Nice Attack: The Deadly 'Evolution' of Vehicles Turned Into Weapons

Tactic has seen use in Israel, but in Nice, “lethality is sobering.”

ByABC News
July 15, 2016, 1:25 PM

— -- While mass-casualty terrorist attacks in the West have become commonplace, one facet of Thursday night's assault in Nice, France, appeared at first to be unusual: a truck, rather than bombs and guns, was used as the weapon of choice.

The killer, identified today as 31-year-old Tunisian Mohamed Lahouaiej Bouhlel, was armed with a handgun and a malfunctioning grenade, authorities said, but it was with a large, white truck that he managed to kill a vast majority of his 84 victims, simply by speeding through a packed crowd that had gathered to watch fireworks on the French coast.

Matthew Henman, the head of defense thinktank IHS Jane's Terrorism and Insurgency Centre, wrote that this particular attack appeared to be an "evolution" of vehicle-borne assaults, but it was hardly the first time vehicles have been used for bloodshed.

The tactic has been seen most prominently in the Israeli-Palestinian conflict. In two attacks in 2014, attackers drove into crowds of Israelis near public transportation stops in Jerusalem, reportedly injuring soldiers in one incident and killing a baby in another. In 2011, a Palestinian man reportedly stole a taxi and rammed into a group of Israeli border guards, injuring seven people.

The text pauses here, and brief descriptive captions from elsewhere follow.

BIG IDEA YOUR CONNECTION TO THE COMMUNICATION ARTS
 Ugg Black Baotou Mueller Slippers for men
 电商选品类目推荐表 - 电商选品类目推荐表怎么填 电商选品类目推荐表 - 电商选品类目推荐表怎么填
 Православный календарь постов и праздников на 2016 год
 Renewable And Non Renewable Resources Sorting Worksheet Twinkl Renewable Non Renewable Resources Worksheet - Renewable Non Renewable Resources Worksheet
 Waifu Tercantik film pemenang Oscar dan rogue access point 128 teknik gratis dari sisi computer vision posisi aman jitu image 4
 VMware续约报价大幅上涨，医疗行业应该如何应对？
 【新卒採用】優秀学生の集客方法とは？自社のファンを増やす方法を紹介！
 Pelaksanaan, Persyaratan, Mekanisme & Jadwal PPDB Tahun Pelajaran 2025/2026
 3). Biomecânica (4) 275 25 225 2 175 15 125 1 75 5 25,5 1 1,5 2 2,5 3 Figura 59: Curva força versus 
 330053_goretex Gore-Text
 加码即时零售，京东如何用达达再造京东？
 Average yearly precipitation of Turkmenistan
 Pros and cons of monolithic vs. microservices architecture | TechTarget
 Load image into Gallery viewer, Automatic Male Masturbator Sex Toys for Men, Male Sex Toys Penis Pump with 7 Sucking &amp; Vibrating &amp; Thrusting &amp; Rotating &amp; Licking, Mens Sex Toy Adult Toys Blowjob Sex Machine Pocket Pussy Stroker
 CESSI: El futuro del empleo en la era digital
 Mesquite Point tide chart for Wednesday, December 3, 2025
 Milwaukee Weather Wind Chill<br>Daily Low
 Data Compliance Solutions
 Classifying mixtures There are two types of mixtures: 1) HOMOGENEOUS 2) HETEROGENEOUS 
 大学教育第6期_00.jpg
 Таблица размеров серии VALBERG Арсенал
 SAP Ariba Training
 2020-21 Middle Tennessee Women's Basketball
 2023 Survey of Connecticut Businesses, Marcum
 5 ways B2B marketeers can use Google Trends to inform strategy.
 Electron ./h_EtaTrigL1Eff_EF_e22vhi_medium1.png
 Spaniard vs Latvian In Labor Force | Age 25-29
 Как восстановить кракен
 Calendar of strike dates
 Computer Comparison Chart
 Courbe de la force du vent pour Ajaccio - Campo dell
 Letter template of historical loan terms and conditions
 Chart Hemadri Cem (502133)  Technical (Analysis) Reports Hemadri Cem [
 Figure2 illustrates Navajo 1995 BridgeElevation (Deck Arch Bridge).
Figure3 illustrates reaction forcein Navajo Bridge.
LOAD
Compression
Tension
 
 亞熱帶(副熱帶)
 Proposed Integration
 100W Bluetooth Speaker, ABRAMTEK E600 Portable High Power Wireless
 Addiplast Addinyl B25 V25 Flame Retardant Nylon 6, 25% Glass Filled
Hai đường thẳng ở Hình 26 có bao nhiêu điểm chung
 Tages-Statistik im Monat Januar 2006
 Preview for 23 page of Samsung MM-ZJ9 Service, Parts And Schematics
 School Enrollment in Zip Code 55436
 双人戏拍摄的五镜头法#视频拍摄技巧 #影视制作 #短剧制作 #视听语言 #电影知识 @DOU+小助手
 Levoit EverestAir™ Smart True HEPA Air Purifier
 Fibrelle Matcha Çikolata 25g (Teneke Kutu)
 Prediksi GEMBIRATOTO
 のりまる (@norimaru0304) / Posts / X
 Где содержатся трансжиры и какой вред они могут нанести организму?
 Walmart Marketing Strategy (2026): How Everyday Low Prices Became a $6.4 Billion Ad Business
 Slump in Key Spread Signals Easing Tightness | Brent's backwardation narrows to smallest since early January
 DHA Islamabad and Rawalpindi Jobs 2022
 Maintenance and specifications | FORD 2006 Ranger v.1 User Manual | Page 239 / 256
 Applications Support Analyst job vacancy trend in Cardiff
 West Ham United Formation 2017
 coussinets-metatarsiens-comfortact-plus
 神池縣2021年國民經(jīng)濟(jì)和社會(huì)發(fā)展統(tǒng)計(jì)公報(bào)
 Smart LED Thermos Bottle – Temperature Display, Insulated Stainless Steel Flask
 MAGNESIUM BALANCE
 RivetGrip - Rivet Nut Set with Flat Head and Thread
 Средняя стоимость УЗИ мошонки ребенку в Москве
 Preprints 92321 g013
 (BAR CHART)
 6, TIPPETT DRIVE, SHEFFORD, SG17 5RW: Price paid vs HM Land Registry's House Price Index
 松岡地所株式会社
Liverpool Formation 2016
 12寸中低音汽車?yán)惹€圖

Also in 2014 a similar attack took place in Dijon, France, that injured 11 people, and one in Canada the same year killed a Canadian soldier.

In May 2013 a British soldier was run over by a car before being fatally stabbed in London.

"Unfortunately, this is not a surprise from a tactical perspective," said Matthew Olsen, former head of the National Counterterrorism Center and current ABC News consultant.

While no terrorist organization has claimed responsibility for the Nice attack, Olsen noted that both al Qaeda and ISIS have prominently called for their followers to attack Westerners by driving vehicles into crowds, should they lack other means.

But what is really worrying to counterterrorism professionals, Olsen said, is the unprecedented body count in this instance.

"The lethality is sobering," he said. "Counterterrorism officials have to be very concerned about how simple and unsophisticated this attack was, given how deadly it was.

“It didn't require any expertise, no bomb-making skills. It's very difficult to defend against someone who's determined to just use a truck as a weapon,” Olsen said.

IHS Jane's Henman said the "high-impact/low-capability nature of the attack raises the risk of repeated use of the tactic in France and allied countries," and warned of potential "copycat" attacks in the coming days.